Now that I'm a family man
sometimes you worry when there's drought in contracts or things
are slow in getting research projects started, which means
the cash flow isn't there. I think if you ask anybody in private
contracting from a principle level, they'll say that cash flow
is sometimes the most stressful of the whole thing. If projects
and political climates are good and there's lots of work out
there, you don't even think about money. You think about what
you want to do next and what kind of projects you want to work
on.
Also, I don't like being
inside and doing paperwork...ever! That's why we're not a huge
company, because I insist that our senior level project managers
are involved in all aspects of the contract. Some of the larger
companies have these really big name Ph.D. consultants who
win a contract based on their experience and expertise but
they don't do any of the work. All of their lower level people
do all of the work, and they might grab the report and go talk
at a public meeting. I don't think that's kosher and I prefer
to be involved in all aspects. If I'm a project manager on
a particular study then I will take some technical people with
me and we'll all go out in the field and do the study. You
then get a fairly intimate appreciation of what's going on
in that particular study, so I can talk about it at any subsequent
meeting. When I go to write the report, I'm not trying to extrapolate
something out of a few numbers on a piece of paper. I've been
there and I've seen it. I think it makes a better impression
to the client if its presented properly, and its more fun.
What
advice would you give to young people interested in getting
into this area of marine science?
Its not easy, and you don't
appreciate how many people are out there looking for this type
of job until you have to go through literally piles of resumes
every month. When I look back to when I graduated there were
considerably more jobs in the field, and it was still hard.

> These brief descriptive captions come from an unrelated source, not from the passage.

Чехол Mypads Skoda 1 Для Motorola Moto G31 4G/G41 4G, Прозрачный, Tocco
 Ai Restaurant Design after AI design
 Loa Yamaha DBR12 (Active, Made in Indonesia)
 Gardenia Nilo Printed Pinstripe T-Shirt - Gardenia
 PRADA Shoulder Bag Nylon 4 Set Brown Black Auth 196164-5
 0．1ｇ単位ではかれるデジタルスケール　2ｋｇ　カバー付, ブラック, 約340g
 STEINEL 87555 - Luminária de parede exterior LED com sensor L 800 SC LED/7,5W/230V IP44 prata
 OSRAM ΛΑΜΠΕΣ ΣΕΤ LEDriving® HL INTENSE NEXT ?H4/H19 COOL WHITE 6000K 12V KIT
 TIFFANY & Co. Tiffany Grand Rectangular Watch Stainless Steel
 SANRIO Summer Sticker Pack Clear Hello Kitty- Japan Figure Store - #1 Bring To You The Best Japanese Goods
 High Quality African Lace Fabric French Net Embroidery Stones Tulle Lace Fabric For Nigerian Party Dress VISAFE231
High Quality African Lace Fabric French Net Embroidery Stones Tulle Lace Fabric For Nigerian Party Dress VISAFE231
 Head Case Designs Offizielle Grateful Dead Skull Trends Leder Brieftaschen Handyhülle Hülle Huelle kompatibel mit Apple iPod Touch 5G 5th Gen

Out of my whole graduating class from U Vic I think I'm the
only one who's really working directly in his or her field.
If you're going to be a
marine biologist I would suggest not strictly taking marine
biological courses. When I went through, particularly during
my Masters which made the difference, I focused on a statistical
study which was largely quantitative. It was heavy into the
statistics to support the biological and ecological aspects
of my thesis, and having done that I've come out with a strong
expertise in statistics and biology combined. So I can design
studies, implement them and analyze them in a credible fashion.
I think you have to marry
at least two types of disciplines to really be saleable. Nowadays
there's a lot of spatial analysis stuff that didn't exist before,
like GIS (Geographical Information Systems) and ARCview. If
you're really strong in computers and have the biology degree
complimenting it, then you can sell yourself as more than just
a biologist. Unfortunately the stack of resumes for either
a biologist or a computer scientist is pretty high. But ask
how many people in the world have a really strong computing
science degree equal to that of a marine ecologist component,
and have experience in First Nations negotiations? Right now
you'd have a job over 6000 people! Its that kind of evaluation
you have to make, and that's not easy to do when you're young
because you can't predict what's going to be sellable. But
just don't rely on one thing. A general degree in marine biology
is going to be a pretty hard sell and you've got to make yourself
different from the rest. That's the bottom line.